When to reindex
Reindex after:
- Bulk ingest of many documents
- Changing embedding dimensions or index type
- Search misses results you expect from a fresh index
Python / SQL
db.sql("CREATE INDEX text_idx ON articles (text) USING BM25")
db.sql("CREATE INDEX ann_idx ON papers (embedding) USING DISKANN")
Or:
db.reindex("articles", using="BM25")
db.reindex("emb", using="DISKANN", column="embedding")
CLI
toradb reindex ./my_db articles --using BM25 --column text
toradb reindex ./my_db emb --using DISKANN --column embedding
Index types
USING | Use for |
|---|
BM25 | Sparse lexical search |
HNSW | In-memory dense graph |
DISKANN | On-disk ANN for large embedding tables |
DiskANN graphs need enough embedded documents to build (typically 32+ rows with valid embedding vectors).
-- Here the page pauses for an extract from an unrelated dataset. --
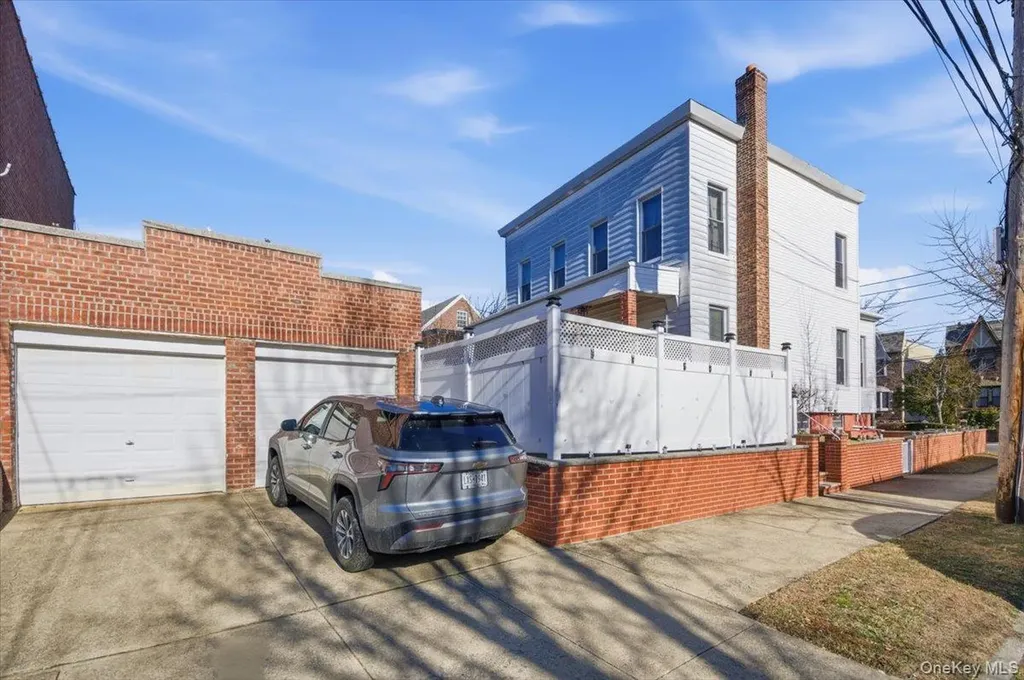 2523 Woodhull Avenue Bronx NY 10469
Smaller tables may fall back or skip graph build.
Compact segments
Merge small Parquet segments to reduce file count:
COMPACT TABLE articles
COMPACT TABLE articles FULL
db.sql("COMPACT TABLE articles FULL")
Optional environment tuning (advanced):
TORADB_COMPACT_MAX_SEGMENTS
TORADB_COMPACT_MIN_MERGE
TORADB_COMPACT_SMALL_BYTES
After compacting, run DESCRIBE table to confirm segment counts. See On-disk layout.